5 lições de ironia e autocrítica de autores russos

Cultura
OLEG EGOROV
A insatisfação não poupava ninguém: até mesmo o genial Anton Tchékhov, reconhecido por seu humor, era duro na autocrítica.

Lev Tolstói

Considerado o crème de la crème dos autores russos, Tolstói (1828-1910) estava constantemente insatisfeito consigo próprio.

Em 1850, o então jovem autor se culpava em seu diário por desperdiçar tempo com bobagens: " vivo muito imprudentemente, como uma besta. Estou muito desgostoso comigo".

Anos se passaram, o jovem se tornou um autor classicista dos mais produtivos, mas ainda encontrava razões para se autocriticar.

"Não posso escrever, parece falso. E não consigo mudar isso", escreveu em tom severo em 1863.

Nessa mesma época, ele também disparava sua metralhadora contra si mesmo por não merecer sua jovem noiva, Sofia: "Sou pequeno, patético e um egoísta sem moral".

Como se sabe, Tolstói era muito mais que isso e não tinha nada de patético. Talvez não haja contradição  já que ele mesmo notou que "a mesma pessoa pode ser um vilão ou um anjo, um sábio ou um idiota, ter força e fraqueza".

Mas os pontos fracos não fizeram de Tolstói nem menos humano, nem menos brilhante como autor

Fiódor Dostoiévski

Não surpreende que o homem que escreveu romances sombrios e de alta tensão psicológica como “Crime e Castigo” e “Os Irmãos Karamazov” não fosse lá muito sorridente.

Dostoiévski (1821-1881) é, de certa forma, a representação da ideia que se tem do povo russo, considerado por ele mesmo um tanto quanto melancólico.

"A necessidade de sofrer é uma característica inerente aos russos através dos tempos", ele escreveu em “Diário de um Escritor”.

Quando falava de si mesmo, Dostoiévski dizia que tinha uma natureza "doente" e se perguntava em uma de suas cartas: "Por que as pessoas pensam em mim como um homem generoso? Não, amigos, eu não sou muito gentil e isso me incomoda demais".

Contrariando a autocrítica, o escritor se mostrava bastante generoso na prática. Além de ser responsável por sua grande família (teve quatro filhos), cuidava também do filho de sua ex-mulher e dos parentes de seu irmão.

Andrêi Platônov

Andrêi Platônov (1899–1951) escreveu “A Escavação”, um romance soviético bastante sombrio, e teve uma vida bastante dura.

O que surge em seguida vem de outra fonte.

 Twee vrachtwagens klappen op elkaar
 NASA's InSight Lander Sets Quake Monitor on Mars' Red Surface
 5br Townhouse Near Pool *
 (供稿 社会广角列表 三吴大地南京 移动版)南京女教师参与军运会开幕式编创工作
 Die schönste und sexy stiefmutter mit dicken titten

Viveu duas guerras, tinha uma briga pessoal com Stálin e passou pela morte de um filho.

Ele era severo, ainda que otimista e nunca pegou leve consigo próprio. 

Uma das anotações em seu diário é direta e sem rodeios: "Deus, como eu sou estúpido!".

Algumas outras são até mais pesadas. "Como eu gostaria de poder escrever artisticamente, de forma clara, com paixão e orgulho para a classe trabalhadora (mas não consigo)".

Como autor, Platônov entendeu a fraqueza da alma humana (incluindo a sua), escrevendo: "desde a infância, todos trabalham para criar uma máscara social, que garanta seu sucesso. Seria maravilhoso se não tivéssemos máscaras. Seria incrível".

Anton Tchékhov

Um dos mestres da ironia na ficção e em peças teatrais, Tchékhov (1860-1904) podia fazer piada com qualquer coisa, inclusive com ele mesmo.

Uma vez, para espezinhar o irmão do compositor Piotr Tchaikovsky, ele escreveu: “Agora, Tchaikovsky é a segunda pessoa mais importante das artes na Rússia. O primeiro lugar é disparado de Lev Tolstói e o terceiro fica para Iliá Repin, o artista. Para mim, acho que está bom o número 98".

O tempo provou que Tchékhov era muito mais importante que isso, mas por toda sua vida a modéstia foi uma característica marcante.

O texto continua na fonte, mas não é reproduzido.